Verileri yedekleme taahhüdü aynı zamanda bir saldırı karşısında dayanıklılığın da anahtarıdır. 2023 tarihli bir rapor, yedekleme kullanan şirketlerin, bu gerekli adımı atmayan şirketlere kıyasla kurtarma ücretlerindeki tasarrufunu 1 milyon dolar olarak ortaya koyuyor ve bu, iş sürekliliği ve felaket kurtarma planlaması sırasında bunu önemli bir husus haline getiriyor.

Diğer teknolojik savunmalar arasında, fidye yazılımı saldırılarını gerçekleşmeden önce tespit etme ve durdurma konusunda büyük bir potansiyele sahip olan yapay zeka yer alıyor. Makineler verileri hızlı bir şekilde analiz edebilir ve insanların gözden kaçırabileceği kalıpları bulabilir. Örneğin, e-posta istemcileri, şüpheli görünenleri belirlemek için e-posta adresleri ve gömülü bağlantılar üzerinde ilk taramaları gerçekleştirme yeteneğini içerebilir.

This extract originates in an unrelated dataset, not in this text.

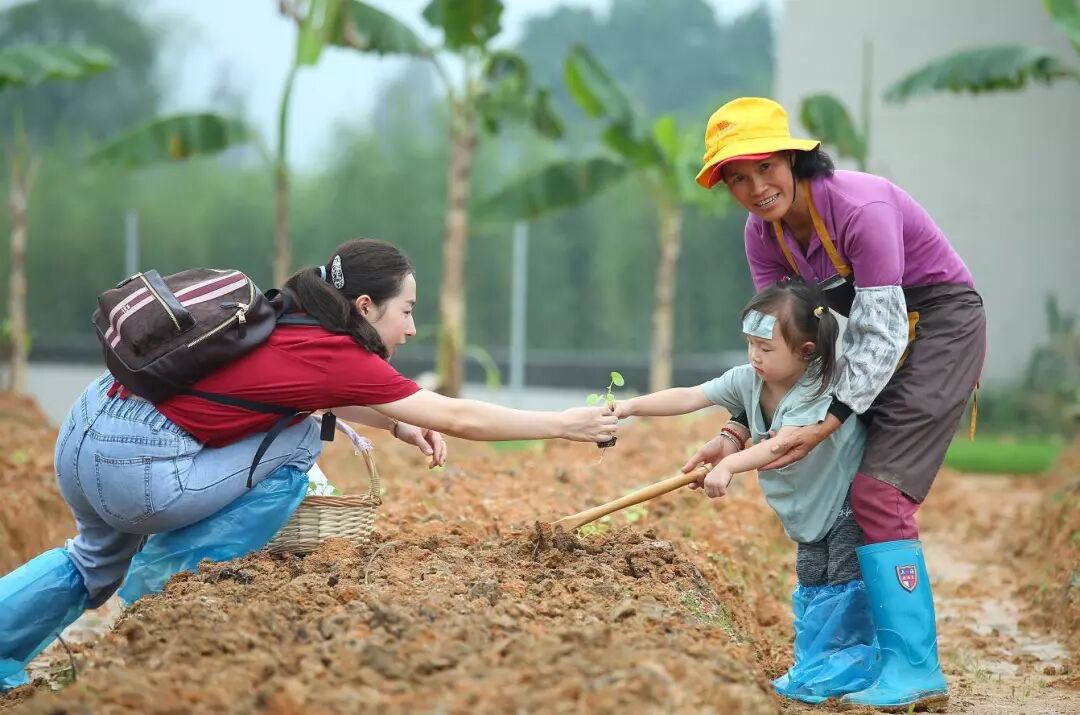 融创春风岭南 | 小镇生活节，让美好犒赏每个热爱生活的人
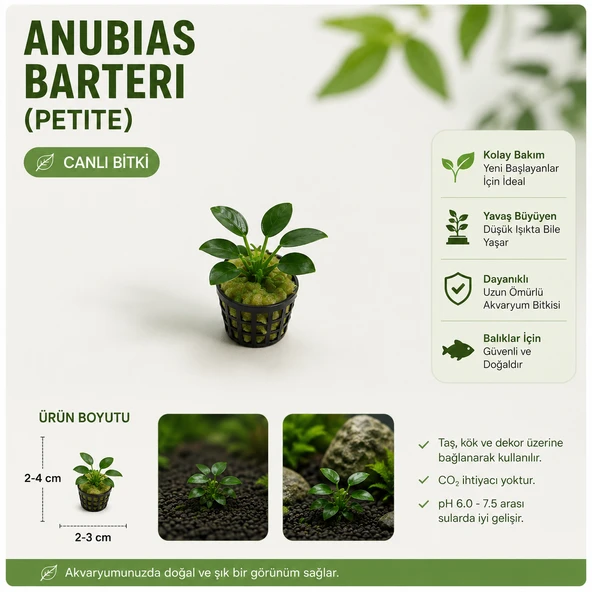 Anubias Berteri Var Nana petite Canlı Bitki ürün görseli 1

Teknolojiden uzaklaşmak, devlet kurumları, kolluk kuvvetleri, siber güvenlik uzmanları ve etkilenen işletmeler arasındaki işbirliği, fidye yazılımıyla mücadele için daha birleşik bir çerçeve de üretebilir. Mevcut korku ve kendini koruma kültürü çoğu zaman işletmelerin ihlallerini ve ‘zayıflıklarını’ açıkça tartışmasını engelliyor ancak bu iletişim, sektör genelinde daha fazla dayanıklılık ve anlayışın kilidini açmanın anahtarını taşıyor. Bu yaklaşım, 2023 sonbaharında maruz kaldığı hack’in kapsamlı ayrıntılarını sunan British Library tarafından benimsendi; Tam şeffaflık, diğer kuruluşlara aynı kaderden kaçınmalarına yardımcı olacak içgörü sağlamayı amaçlamaktadır.

Birden fazla araç gereklidir

Fidye yazılımı ödemelerinin yasaklanıp yasaklanmayacağı konusunda tartışmanın her iki tarafında da geçerli argümanlar var. Siber suç sektörünün büyümesinin önlenmesi, kurumsal siber savunmaların güçlendirilmesi ve saldırganlara yönelik mali teşviklerin kesilmesi yoluyla saldırı ve ödeme döngüsünün durdurulmasını gerektirir. Bu, hiçbir iş için ilerlemenin kolay yolu değildir; Bu alandaki gerçek başarı, kısa vadeli acıları yenmek için uzun vadeli bir vizyona ihtiyaç duyacaktır; bu vizyon, yasal girdi, eğitim, teknoloji ve endüstri işbirliğini birleştiren birleşik bir yaklaşım gerektirecektir.